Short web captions
* * * *

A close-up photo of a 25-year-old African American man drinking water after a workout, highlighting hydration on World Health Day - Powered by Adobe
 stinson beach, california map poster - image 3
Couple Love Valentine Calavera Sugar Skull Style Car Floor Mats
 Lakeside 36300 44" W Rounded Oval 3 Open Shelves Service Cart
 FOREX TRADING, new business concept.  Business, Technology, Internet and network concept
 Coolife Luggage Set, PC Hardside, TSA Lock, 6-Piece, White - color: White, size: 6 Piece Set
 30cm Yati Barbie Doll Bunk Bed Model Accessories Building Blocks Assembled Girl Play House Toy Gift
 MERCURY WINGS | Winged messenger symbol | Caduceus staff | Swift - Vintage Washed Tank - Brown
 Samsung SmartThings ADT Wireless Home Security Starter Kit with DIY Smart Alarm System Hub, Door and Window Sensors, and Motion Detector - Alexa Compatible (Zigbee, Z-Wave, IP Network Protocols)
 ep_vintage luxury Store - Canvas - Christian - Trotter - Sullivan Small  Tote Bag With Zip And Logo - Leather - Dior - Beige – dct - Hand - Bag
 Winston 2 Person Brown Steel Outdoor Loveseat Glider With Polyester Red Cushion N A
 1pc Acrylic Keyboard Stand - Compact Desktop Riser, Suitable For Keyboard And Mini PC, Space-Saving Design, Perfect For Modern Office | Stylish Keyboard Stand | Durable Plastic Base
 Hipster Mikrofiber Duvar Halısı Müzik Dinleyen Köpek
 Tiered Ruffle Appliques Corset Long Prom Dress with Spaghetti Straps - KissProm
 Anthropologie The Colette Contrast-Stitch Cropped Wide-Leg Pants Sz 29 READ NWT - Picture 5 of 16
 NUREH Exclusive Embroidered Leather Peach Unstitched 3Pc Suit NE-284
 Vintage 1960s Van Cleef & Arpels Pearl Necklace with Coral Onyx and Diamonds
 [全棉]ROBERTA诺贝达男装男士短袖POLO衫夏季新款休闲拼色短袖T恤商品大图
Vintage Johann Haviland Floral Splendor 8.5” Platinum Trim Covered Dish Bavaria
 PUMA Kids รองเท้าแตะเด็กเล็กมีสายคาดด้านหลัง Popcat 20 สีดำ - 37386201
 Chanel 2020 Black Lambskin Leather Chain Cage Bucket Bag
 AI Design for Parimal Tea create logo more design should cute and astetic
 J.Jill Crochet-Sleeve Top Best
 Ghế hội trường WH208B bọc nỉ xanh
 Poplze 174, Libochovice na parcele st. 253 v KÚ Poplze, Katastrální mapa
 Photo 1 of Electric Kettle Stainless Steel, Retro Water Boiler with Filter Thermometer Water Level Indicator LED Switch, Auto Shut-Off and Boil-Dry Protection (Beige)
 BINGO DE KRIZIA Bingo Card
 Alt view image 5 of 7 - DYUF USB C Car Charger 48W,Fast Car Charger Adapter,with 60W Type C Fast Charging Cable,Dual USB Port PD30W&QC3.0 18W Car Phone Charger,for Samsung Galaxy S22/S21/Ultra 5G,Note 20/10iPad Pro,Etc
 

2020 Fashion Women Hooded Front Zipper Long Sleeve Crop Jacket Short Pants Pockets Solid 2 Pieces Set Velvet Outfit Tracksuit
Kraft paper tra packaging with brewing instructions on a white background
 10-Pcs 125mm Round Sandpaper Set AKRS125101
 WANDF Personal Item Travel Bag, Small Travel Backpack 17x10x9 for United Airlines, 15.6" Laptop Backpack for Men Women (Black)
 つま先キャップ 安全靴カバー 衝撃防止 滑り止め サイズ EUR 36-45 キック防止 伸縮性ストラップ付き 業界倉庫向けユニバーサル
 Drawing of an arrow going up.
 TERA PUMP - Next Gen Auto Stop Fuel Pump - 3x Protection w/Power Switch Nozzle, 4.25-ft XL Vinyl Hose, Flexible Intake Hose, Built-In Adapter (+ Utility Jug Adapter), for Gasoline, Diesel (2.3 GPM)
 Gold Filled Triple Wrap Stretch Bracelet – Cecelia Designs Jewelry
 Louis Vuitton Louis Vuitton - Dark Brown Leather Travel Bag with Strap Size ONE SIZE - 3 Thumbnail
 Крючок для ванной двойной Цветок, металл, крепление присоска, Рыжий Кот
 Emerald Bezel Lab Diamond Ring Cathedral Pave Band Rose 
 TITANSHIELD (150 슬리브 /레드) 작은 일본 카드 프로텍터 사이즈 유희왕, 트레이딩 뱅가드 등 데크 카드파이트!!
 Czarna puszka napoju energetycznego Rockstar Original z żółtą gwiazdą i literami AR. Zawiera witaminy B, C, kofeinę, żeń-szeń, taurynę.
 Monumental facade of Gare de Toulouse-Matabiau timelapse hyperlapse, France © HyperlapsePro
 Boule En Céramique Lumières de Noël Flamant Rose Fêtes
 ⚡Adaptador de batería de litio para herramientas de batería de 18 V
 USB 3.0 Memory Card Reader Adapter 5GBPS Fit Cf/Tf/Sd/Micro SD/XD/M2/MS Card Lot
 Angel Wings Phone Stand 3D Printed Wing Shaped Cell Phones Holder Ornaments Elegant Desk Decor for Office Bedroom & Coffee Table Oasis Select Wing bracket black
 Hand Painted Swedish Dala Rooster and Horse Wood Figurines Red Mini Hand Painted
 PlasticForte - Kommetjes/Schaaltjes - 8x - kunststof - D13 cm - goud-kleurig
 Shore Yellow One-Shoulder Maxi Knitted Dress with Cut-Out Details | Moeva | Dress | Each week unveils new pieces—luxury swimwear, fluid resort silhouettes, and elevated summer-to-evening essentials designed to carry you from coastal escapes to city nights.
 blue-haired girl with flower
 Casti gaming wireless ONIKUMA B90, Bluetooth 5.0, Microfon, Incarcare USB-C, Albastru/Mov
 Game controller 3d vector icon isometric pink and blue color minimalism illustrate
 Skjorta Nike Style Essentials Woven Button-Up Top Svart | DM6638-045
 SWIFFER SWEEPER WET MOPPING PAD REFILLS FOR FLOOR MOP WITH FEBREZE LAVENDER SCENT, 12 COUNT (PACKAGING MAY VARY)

* * * *

■ EXERCISE ■
Go through the data above and return every line exactly.

■ OUTPUT ■
A close-up photo of a 25-year-old African American man drinking water after a workout, highlighting hydration on World Health Day - Powered by Adobe
 stinson beach, california map poster - image 3
Couple Love Valentine Calavera Sugar Skull Style Car Floor Mats
 Lakeside 36300 44" W Rounded Oval 3 Open Shelves Service Cart
 FOREX TRADING, new business concept.  Business, Technology, Internet and network concept
 Coolife Luggage Set, PC Hardside, TSA Lock, 6-Piece, White - color: White, size: 6 Piece Set
 30cm Yati Barbie Doll Bunk Bed Model Accessories Building Blocks Assembled Girl Play House Toy Gift
 MERCURY WINGS | Winged messenger symbol | Caduceus staff | Swift - Vintage Washed Tank - Brown
 Samsung SmartThings ADT Wireless Home Security Starter Kit with DIY Smart Alarm System Hub, Door and Window Sensors, and Motion Detector - Alexa Compatible (Zigbee, Z-Wave, IP Network Protocols)
 ep_vintage luxury Store - Canvas - Christian - Trotter - Sullivan Small  Tote Bag With Zip And Logo - Leather - Dior - Beige – dct - Hand - Bag
 Winston 2 Person Brown Steel Outdoor Loveseat Glider With Polyester Red Cushion N A
 1pc Acrylic Keyboard Stand - Compact Desktop Riser, Suitable For Keyboard And Mini PC, Space-Saving Design, Perfect For Modern Office | Stylish Keyboard Stand | Durable Plastic Base
 Hipster Mikrofiber Duvar Halısı Müzik Dinleyen Köpek
 Tiered Ruffle Appliques Corset Long Prom Dress with Spaghetti Straps - KissProm
 Anthropologie The Colette Contrast-Stitch Cropped Wide-Leg Pants Sz 29 READ NWT - Picture 5 of 16
 NUREH Exclusive Embroidered Leather Peach Unstitched 3Pc Suit NE-284
 Vintage 1960s Van Cleef & Arpels Pearl Necklace with Coral Onyx and Diamonds
 [全棉]ROBERTA诺贝达男装男士短袖POLO衫夏季新款休闲拼色短袖T恤商品大图
Vintage Johann Haviland Floral Splendor 8.5” Platinum Trim Covered Dish Bavaria
 PUMA Kids รองเท้าแตะเด็กเล็กมีสายคาดด้านหลัง Popcat 20 สีดำ - 37386201
 Chanel 2020 Black Lambskin Leather Chain Cage Bucket Bag
 AI Design for Parimal Tea create logo more design should cute and astetic
 J.Jill Crochet-Sleeve Top Best
 Ghế hội trường WH208B bọc nỉ xanh
 Poplze 174, Libochovice na parcele st. 253 v KÚ Poplze, Katastrální mapa
 Photo 1 of Electric Kettle Stainless Steel, Retro Water Boiler with Filter Thermometer Water Level Indicator LED Switch, Auto Shut-Off and Boil-Dry Protection (Beige)
 BINGO DE KRIZIA Bingo Card
 Alt view image 5 of 7 - DYUF USB C Car Charger 48W,Fast Car Charger Adapter,with 60W Type C Fast Charging Cable,Dual USB Port PD30W&QC3.0 18W Car Phone Charger,for Samsung Galaxy S22/S21/Ultra 5G,Note 20/10iPad Pro,Etc
 

2020 Fashion Women Hooded Front Zipper Long Sleeve Crop Jacket Short Pants Pockets Solid 2 Pieces Set Velvet Outfit Tracksuit
Kraft paper tra packaging with brewing instructions on a white background
 10-Pcs 125mm Round Sandpaper Set AKRS125101
 WANDF Personal Item Travel Bag, Small Travel Backpack 17x10x9 for United Airlines, 15.6" Laptop Backpack for Men Women (Black)
 つま先キャップ 安全靴カバー 衝撃防止 滑り止め サイズ EUR 36-45 キック防止 伸縮性ストラップ付き 業界倉庫向けユニバーサル
 Drawing of an arrow going up.
 TERA PUMP - Next Gen Auto Stop Fuel Pump - 3x Protection w/Power Switch Nozzle, 4.25-ft XL Vinyl Hose, Flexible Intake Hose, Built-In Adapter (+ Utility Jug Adapter), for Gasoline, Diesel (2.3 GPM)
 Gold Filled Triple Wrap Stretch Bracelet – Cecelia Designs Jewelry
 Louis Vuitton Louis Vuitton - Dark Brown Leather Travel Bag with Strap Size ONE SIZE - 3 Thumbnail
 Крючок для ванной двойной Цветок, металл, крепление присоска, Рыжий Кот
 Emerald Bezel Lab Diamond Ring Cathedral Pave Band Rose 
 TITANSHIELD (150 슬리브 /레드) 작은 일본 카드 프로텍터 사이즈 유희왕, 트레이딩 뱅가드 등 데크 카드파이트!!
 Czarna puszka napoju energetycznego Rockstar Original z żółtą gwiazdą i literami AR. Zawiera witaminy B, C, kofeinę, żeń-szeń, taurynę.
 Monumental facade of Gare de Toulouse-Matabiau timelapse hyperlapse, France © HyperlapsePro
 Boule En Céramique Lumières de Noël Flamant Rose Fêtes
 ⚡Adaptador de batería de litio para herramientas de batería de 18 V
 USB 3.0 Memory Card Reader Adapter 5GBPS Fit Cf/Tf/Sd/Micro SD/XD/M2/MS Card Lot
 Angel Wings Phone Stand 3D Printed Wing Shaped Cell Phones Holder Ornaments Elegant Desk Decor for Office Bedroom & Coffee Table Oasis Select Wing bracket black
 Hand Painted Swedish Dala Rooster and Horse Wood Figurines Red Mini Hand Painted
 PlasticForte - Kommetjes/Schaaltjes - 8x - kunststof - D13 cm - goud-kleurig
 Shore Yellow One-Shoulder Maxi Knitted Dress with Cut-Out Details | Moeva | Dress | Each week unveils new pieces—luxury swimwear, fluid resort silhouettes, and elevated summer-to-evening essentials designed to carry you from coastal escapes to city nights.
 blue-haired girl with flower
 Casti gaming wireless ONIKUMA B90, Bluetooth 5.0, Microfon, Incarcare USB-C, Albastru/Mov
 Game controller 3d vector icon isometric pink and blue color minimalism illustrate
 Skjorta Nike Style Essentials Woven Button-Up Top Svart | DM6638-045
 SWIFFER SWEEPER WET MOPPING PAD REFILLS FOR FLOOR MOP WITH FEBREZE LAVENDER SCENT, 12 COUNT (PACKAGING MAY VARY)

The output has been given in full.